**STUDY MATERIAL:**

• • • •

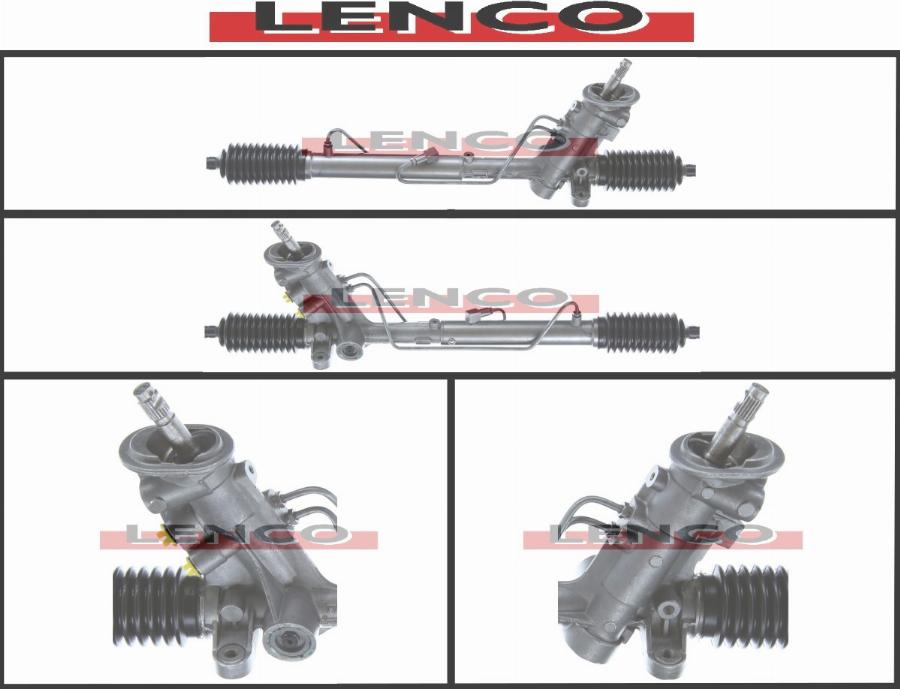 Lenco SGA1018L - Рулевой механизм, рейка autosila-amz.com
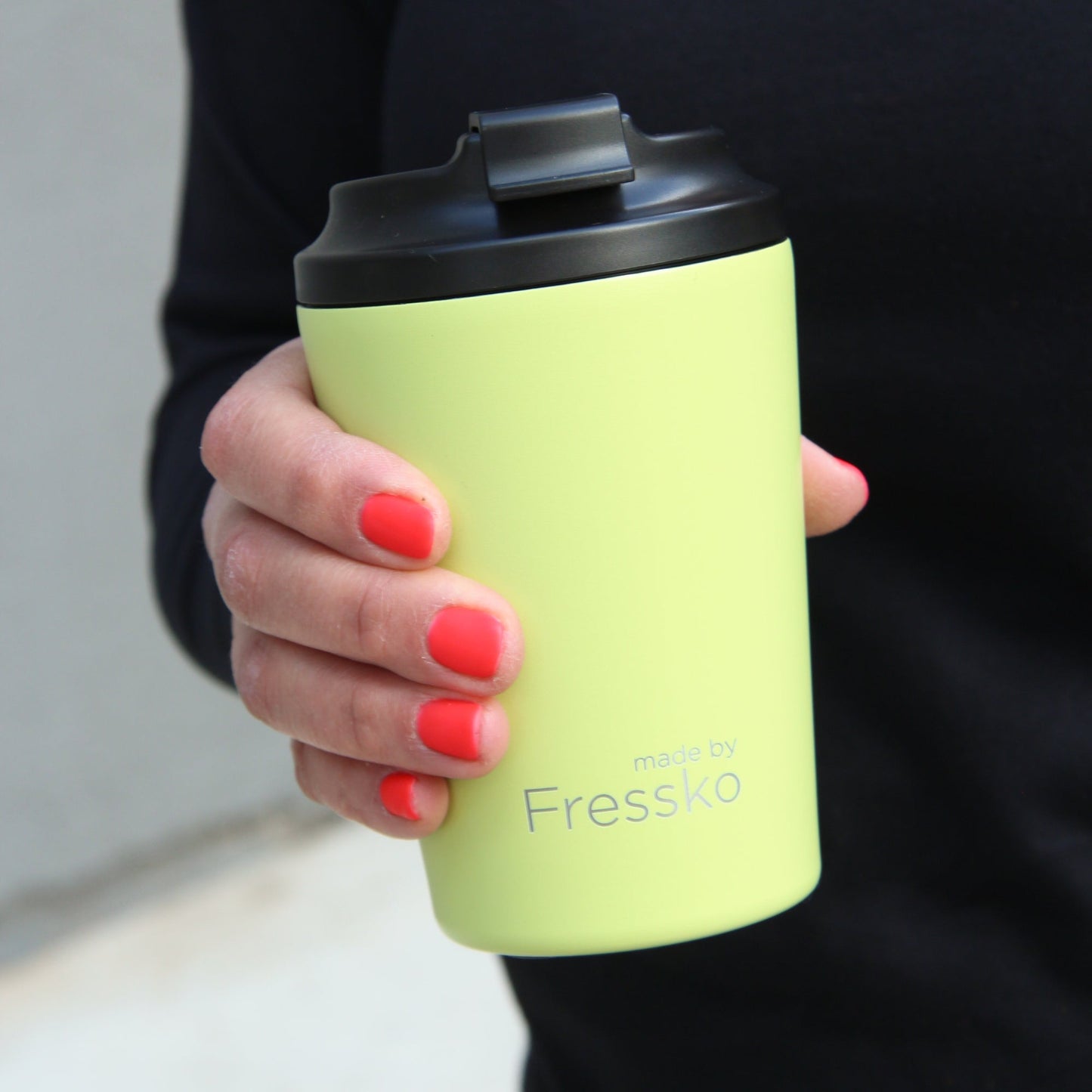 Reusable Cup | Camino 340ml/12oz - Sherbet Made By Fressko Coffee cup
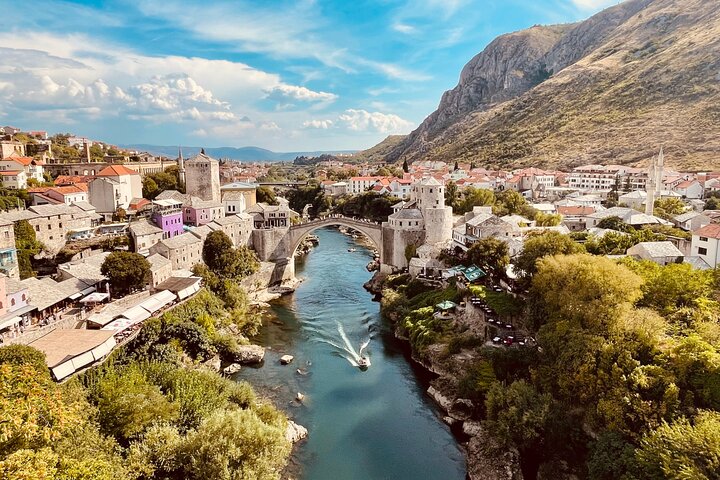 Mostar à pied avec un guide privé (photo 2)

• • • •

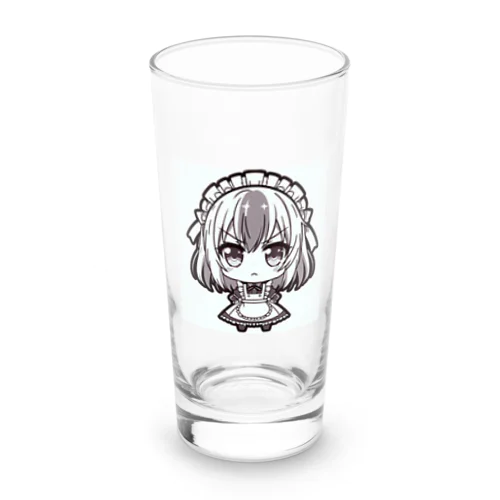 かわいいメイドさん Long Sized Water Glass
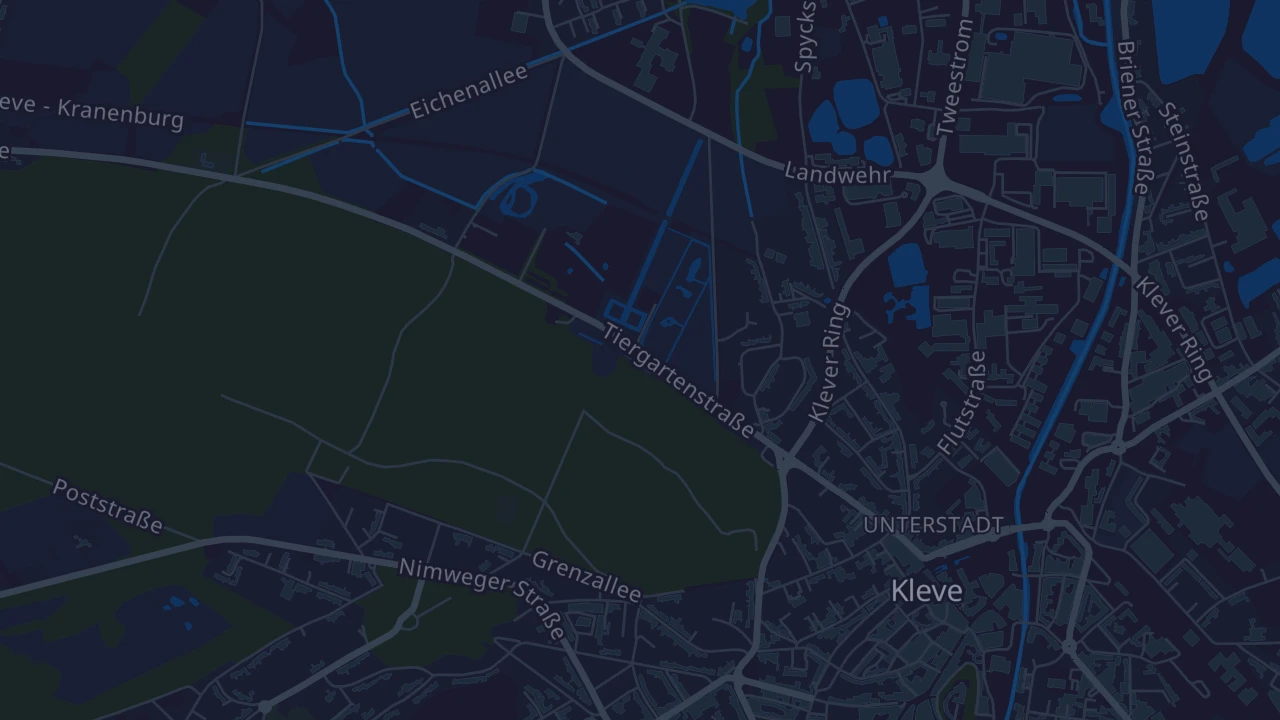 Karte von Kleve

• • • •

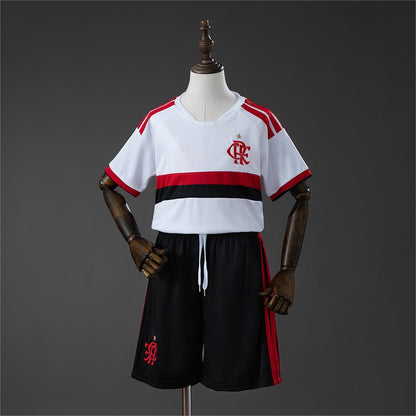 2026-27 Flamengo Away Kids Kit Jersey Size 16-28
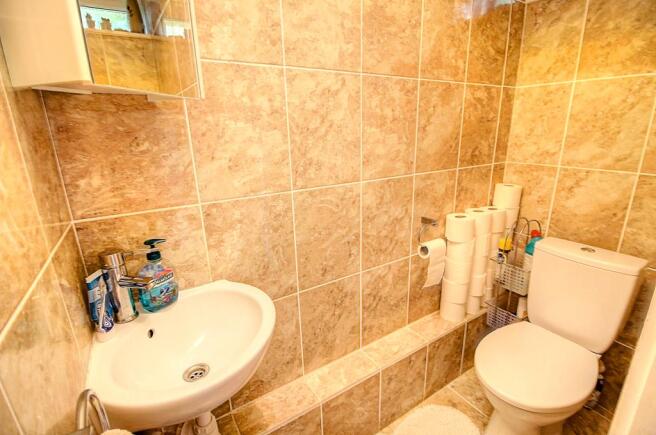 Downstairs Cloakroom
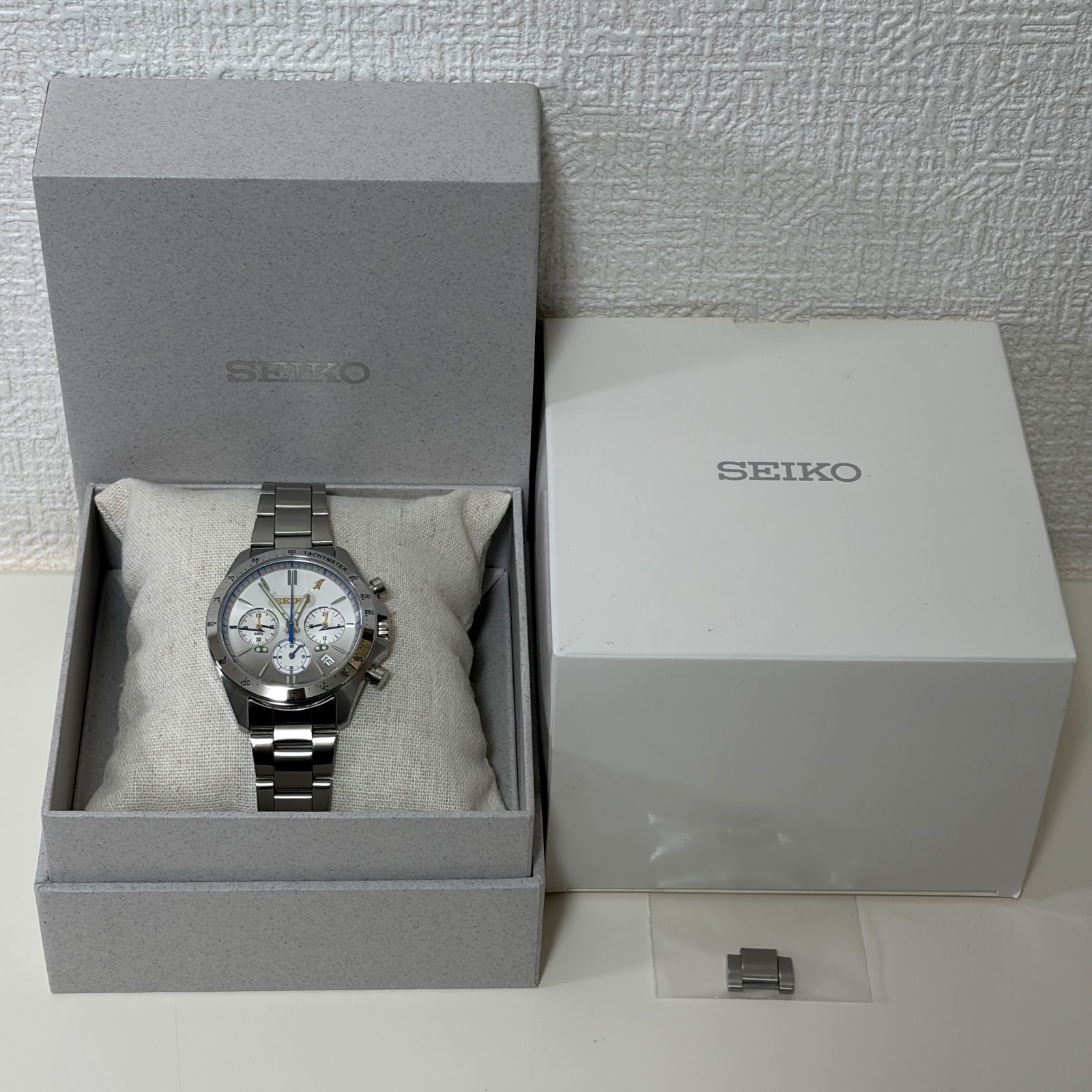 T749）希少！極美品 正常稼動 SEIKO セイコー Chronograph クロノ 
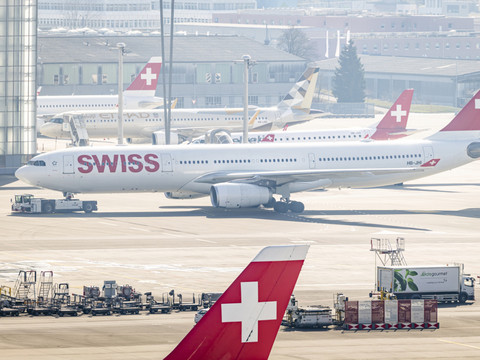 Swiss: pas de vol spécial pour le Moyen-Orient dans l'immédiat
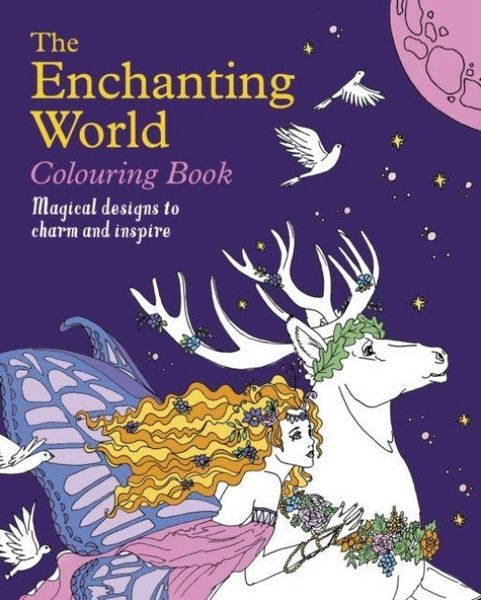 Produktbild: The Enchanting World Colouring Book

• • • •

**EXERCISE PROMPT:** Where a picture appears in the records above, omit it, and transcribe exactly the stretch of lines from the one with "かわいいメイドさん Long Sized Water Glass" through the one with "Karte von Kleve".

**EXPECTED ANSWER:**
 かわいいメイドさん Long Sized Water Glass
 Karte von Kleve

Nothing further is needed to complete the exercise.